His behaviour will not do him any favours in court. Keep messages and recordings of everything.

Barefootonthegrass · 15/01/2018 21:38

Thank you so much for taking the time to read my very long thread! And for replying. He is taking me to court as just temporarily I need to change the hand over location. I can get to my parents easily as they will collect me and take me and the kids there which is 10 mins from him. He said "it is your responsibility to get to hand over". It's is 10 mins from him to drive down the motor way. I would have to get a bus into town and another bus to his. Then walk half a mile to him. It's just too much at 6pm in the evening, I wouldn't get home till late with my baby. As soon as I get another car I am willing to drive again as agreed.
It's so annoying because I know if his car broke down I would drive to Wales to collect our daughter no questions asked. I would never ask him to get trains and busses etc in the winters evenings. He is so vile and selfish. If you can see that then hopefully the judge will xxx

OP posts:
Barefootonthegrass · 15/01/2018 21:39

My mum is getting a new car in March.
I am planning to buy her old one from her. It is a great car runs well still. So 2 months. I have told my ex this.

OP posts:
octonaught · 15/01/2018 21:43

He is continually trying to control you. Agree with keeping a diary of his actions

Isitwise · 15/01/2018 21:45

Maintain the “dd is available for you to collect at x times on x dates for th foreseeable future from x address. This is due to me having no transport temporarily.
I’ve no wish to prevent your contact taking place so will ensure dd is ready for pick up”

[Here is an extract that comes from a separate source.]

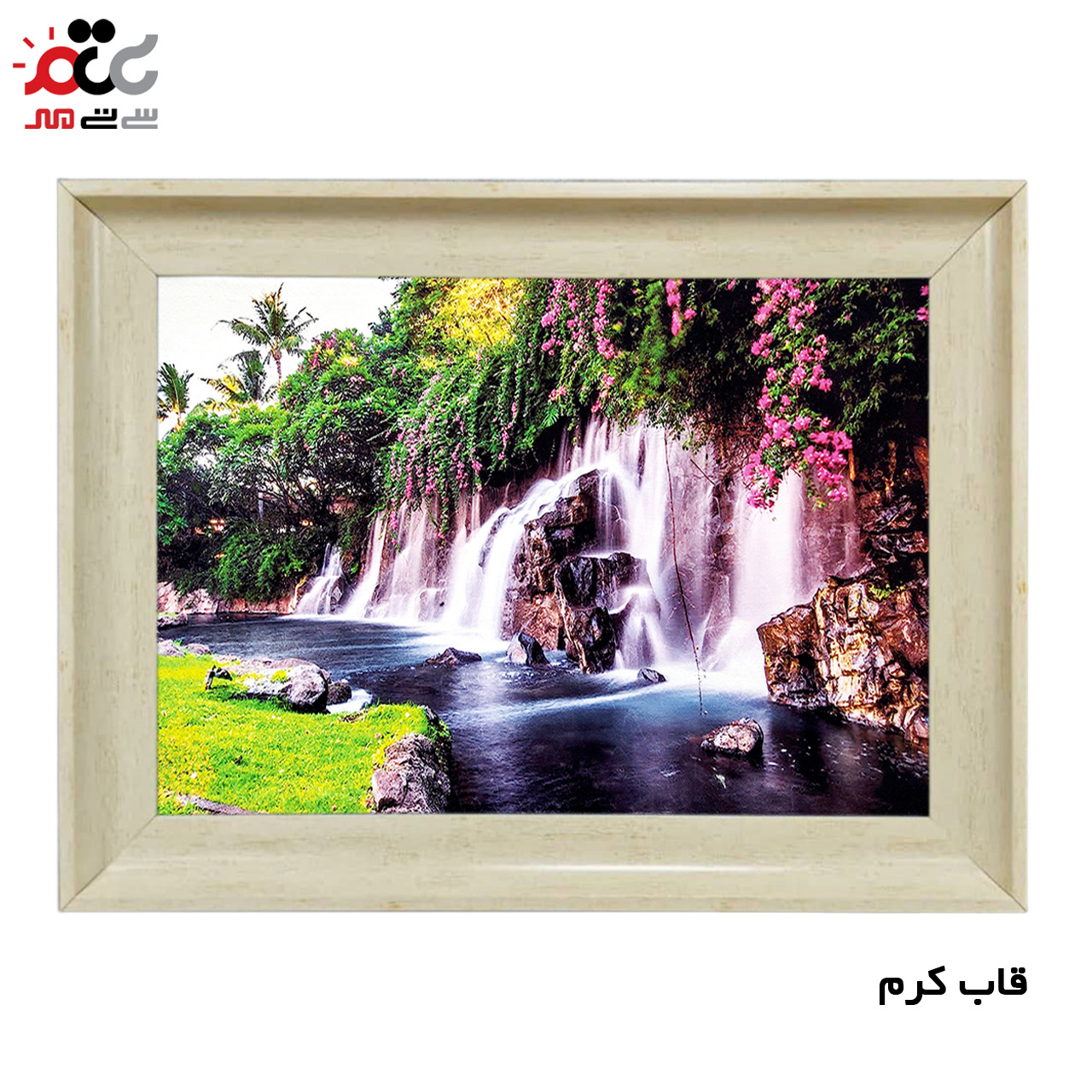 تابلو فرش چاپی طرح آبشار کد 10228 سایز 70×50 سانتی متری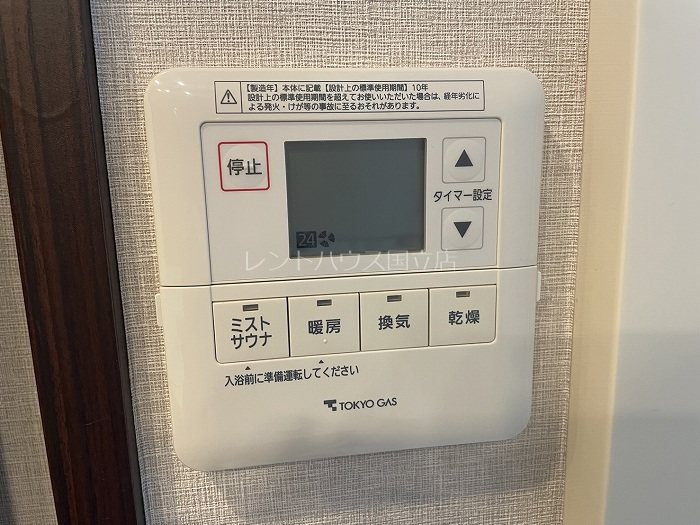 東京都立川市曙町２丁目 その他設備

Repeat repeat repeat. He’d look like a massive twat even telling a solicitor to take it back to court. You are being reasonable and offering a very reasonable temporary alternative.

Keep being reasonable and you’ll be fine.

Do not offer anymore, what you have out in the table is absolutely doable for him.

Starlight2345 · 15/01/2018 21:52

In all honesty I would look at this as positive . He is going to look like a dick and it will all be documented in court

Runlovingmummy81 · 15/01/2018 21:56

Sound advice from itiswise. This on repeat. Don't engage in any thing else with him. He's trying to intimate, threaten and control you. X

GrooovyLass · 15/01/2018 22:04

Why is it purely your responsibility? What an arse! I have no experience of the court system but I should think he'd be laughed out of court.

Barefootonthegrass · 15/01/2018 22:14

Isitwise - Perfect! Thank you all so much. Really glad that I posted and so grateful. You have restored my confidence that I am being fair and reasonable. I will continue to be so!!